August Habermann (Mark Waschke) is a German living in a town in Northern Czechoslovakia, the Sudeten land that Hitler maintained was historically German. His family business, a lumbermill and flour mill, is the town's biggest employer going back generations. While his national identity is German, he sees himself as part of the town and rejects the politics of Hitler, but when the Nazis invade, he dismisses the fears of his best friend Karel (Karel Roden), a Czech national married to a German woman, and refuses to take a side.

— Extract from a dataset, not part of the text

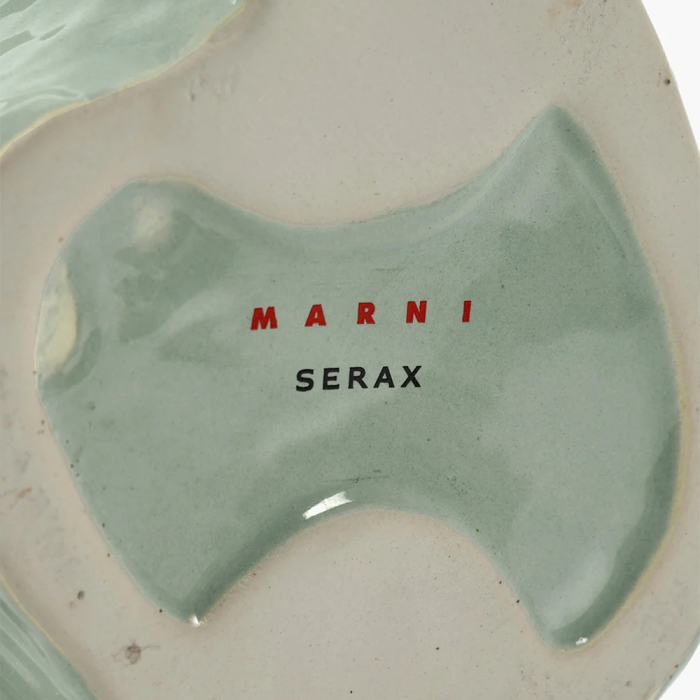 After Midnight, Marni, Owl Vase, Small, Light Blue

He protects his Czech workers from the Nazis as best he can while distancing himself from the Resistance fighters, and he maintains this apolitical stance even after he discovers that his Czech wife Jana (Hannah Herzsprung), an orphan raised Catholic by nuns in the convent, is half-Jewish, a secret that could be betrayed to the occupying Nazis at any time.
Based on a true story, this 2010 German-Czech co-production tackles a provocative history little known outside of Czechoslovakia and attempts to explore complete issues in a drama that compresses eight years into 100 minutes, which is the film's biggest weakness. We never get to see the culture of the town before the German occupation and the characters, while engaging, are barely more than two-dimensional. What the film does well is showing how the years of Nazi occupation created a division between the German and Czech citizens who coexisted peacefully for decades.
Filmmaker Juraj Herz, a Czech Jew, and concentration camp survivor began directing during the lively era of the Czech New Wave (his 1968 black comedy The Cremator is a minor classic) and often collided with Soviet censors before the fall of the Iron Curtain. He leans into the rage and injustice here, opening the film on Czech reprisals against German civilians in 1945, then jumping back to 1937 to show how August Habermann, a seemingly moral force in the community, remains willfully blind to the injustice, bigotry, and tyranny of the Nazis until he himself becomes an unwilling participant in their atrocities.
Far from an innocent victim who becomes the target of Czech rage, Habermann reveals this well-meaning community leader as a man who denies the oppression and tyranny around him until it finally turns on him. It was released in the U.S. in 2011 to mixed reviews but I find it a provocative portrait of a little-known piece of World War II history with themes that are resonant in any era.
Not rated, features brief nudity, sexuality, torture, and violence. A strong option purchase.